START Supplied records

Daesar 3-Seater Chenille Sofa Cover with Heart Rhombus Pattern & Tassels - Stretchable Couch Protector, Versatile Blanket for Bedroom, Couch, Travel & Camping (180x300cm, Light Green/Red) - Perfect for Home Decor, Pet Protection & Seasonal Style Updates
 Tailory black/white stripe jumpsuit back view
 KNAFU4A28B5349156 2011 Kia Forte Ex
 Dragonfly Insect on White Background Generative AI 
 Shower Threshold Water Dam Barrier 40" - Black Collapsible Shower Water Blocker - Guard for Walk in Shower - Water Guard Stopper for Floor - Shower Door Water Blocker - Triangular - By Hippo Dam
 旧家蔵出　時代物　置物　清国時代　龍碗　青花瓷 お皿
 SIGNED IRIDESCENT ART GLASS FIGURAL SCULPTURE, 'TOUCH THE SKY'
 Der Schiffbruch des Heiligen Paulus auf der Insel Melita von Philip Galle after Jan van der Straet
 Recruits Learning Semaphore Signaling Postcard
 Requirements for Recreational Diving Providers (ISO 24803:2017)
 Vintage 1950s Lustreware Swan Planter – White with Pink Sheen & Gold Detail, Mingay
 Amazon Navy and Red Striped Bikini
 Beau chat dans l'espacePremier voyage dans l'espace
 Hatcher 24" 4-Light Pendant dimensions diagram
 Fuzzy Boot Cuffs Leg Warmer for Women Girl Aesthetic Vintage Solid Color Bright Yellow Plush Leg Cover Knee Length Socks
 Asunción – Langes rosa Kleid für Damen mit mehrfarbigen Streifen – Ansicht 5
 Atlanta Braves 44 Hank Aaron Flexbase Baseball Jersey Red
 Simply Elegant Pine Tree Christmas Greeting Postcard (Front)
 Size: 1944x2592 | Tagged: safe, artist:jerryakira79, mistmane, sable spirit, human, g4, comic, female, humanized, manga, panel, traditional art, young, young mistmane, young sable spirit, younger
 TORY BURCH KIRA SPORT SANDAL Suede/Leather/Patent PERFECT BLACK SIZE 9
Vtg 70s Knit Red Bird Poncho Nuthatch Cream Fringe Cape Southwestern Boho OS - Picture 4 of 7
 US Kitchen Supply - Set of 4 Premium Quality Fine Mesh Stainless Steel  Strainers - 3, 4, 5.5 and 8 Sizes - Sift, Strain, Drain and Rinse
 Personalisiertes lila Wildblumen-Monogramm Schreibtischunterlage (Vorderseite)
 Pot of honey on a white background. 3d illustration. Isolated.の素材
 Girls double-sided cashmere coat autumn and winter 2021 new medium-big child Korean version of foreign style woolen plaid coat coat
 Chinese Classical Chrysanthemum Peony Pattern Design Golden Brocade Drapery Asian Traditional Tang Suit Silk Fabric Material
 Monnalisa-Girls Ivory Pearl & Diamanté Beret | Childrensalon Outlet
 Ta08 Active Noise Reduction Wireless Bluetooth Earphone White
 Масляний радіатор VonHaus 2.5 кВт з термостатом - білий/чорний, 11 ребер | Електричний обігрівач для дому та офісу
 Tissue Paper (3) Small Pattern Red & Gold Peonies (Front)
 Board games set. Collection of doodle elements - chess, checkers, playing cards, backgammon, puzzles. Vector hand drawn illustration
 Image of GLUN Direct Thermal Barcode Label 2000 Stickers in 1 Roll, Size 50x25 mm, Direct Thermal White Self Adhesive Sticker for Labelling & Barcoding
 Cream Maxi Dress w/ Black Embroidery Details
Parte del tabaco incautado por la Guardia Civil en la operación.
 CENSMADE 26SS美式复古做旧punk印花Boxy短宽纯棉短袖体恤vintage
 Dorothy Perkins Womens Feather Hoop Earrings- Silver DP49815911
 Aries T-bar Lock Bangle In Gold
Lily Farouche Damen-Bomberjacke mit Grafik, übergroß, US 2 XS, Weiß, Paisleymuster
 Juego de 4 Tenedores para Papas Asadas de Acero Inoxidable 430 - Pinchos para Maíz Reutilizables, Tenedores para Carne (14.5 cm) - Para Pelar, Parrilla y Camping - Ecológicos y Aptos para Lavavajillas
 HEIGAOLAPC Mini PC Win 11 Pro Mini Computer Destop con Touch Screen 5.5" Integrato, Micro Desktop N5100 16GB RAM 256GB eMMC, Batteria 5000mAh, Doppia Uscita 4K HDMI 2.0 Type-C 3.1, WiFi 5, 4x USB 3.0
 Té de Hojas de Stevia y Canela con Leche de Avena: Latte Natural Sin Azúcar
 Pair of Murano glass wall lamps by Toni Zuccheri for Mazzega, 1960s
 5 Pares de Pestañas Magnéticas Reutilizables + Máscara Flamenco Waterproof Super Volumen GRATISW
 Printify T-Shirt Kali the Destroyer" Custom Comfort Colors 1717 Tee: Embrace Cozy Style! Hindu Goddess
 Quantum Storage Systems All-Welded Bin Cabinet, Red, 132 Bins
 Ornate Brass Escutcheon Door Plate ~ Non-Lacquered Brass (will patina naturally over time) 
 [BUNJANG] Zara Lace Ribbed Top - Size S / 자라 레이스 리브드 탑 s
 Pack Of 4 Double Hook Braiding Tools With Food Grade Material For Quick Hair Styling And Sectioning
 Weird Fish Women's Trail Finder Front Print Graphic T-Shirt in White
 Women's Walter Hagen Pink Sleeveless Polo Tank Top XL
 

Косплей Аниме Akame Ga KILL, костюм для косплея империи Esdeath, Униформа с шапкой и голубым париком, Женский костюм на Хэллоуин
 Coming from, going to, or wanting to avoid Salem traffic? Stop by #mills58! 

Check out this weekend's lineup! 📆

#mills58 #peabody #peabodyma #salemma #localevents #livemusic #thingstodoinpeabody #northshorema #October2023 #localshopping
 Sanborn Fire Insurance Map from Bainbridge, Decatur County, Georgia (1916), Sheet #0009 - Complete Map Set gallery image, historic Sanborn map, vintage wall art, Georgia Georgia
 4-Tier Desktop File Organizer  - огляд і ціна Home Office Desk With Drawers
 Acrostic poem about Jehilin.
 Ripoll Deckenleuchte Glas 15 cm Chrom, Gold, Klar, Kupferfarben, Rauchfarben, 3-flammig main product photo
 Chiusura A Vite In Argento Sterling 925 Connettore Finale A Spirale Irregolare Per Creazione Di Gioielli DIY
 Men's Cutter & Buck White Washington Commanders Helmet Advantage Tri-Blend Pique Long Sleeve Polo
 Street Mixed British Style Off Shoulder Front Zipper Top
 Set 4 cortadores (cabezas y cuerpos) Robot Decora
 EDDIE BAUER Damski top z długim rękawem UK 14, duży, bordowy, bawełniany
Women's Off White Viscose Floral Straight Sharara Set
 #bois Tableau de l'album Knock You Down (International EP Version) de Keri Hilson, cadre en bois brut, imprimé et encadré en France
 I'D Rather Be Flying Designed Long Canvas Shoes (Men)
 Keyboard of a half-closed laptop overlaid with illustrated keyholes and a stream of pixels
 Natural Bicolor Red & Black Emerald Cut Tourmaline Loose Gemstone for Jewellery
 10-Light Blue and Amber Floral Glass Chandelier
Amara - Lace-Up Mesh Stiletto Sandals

END Supplied records

_Problem to work on:_
What belongs in the answer is each line from the listing above that contains "Material".

_Reply to the exercise:_
 Chinese Classical Chrysanthemum Peony Pattern Design Golden Brocade Drapery Asian Traditional Tang Suit Silk Fabric Material
 Pack Of 4 Double Hook Braiding Tools With Food Grade Material For Quick Hair Styling And Sectioning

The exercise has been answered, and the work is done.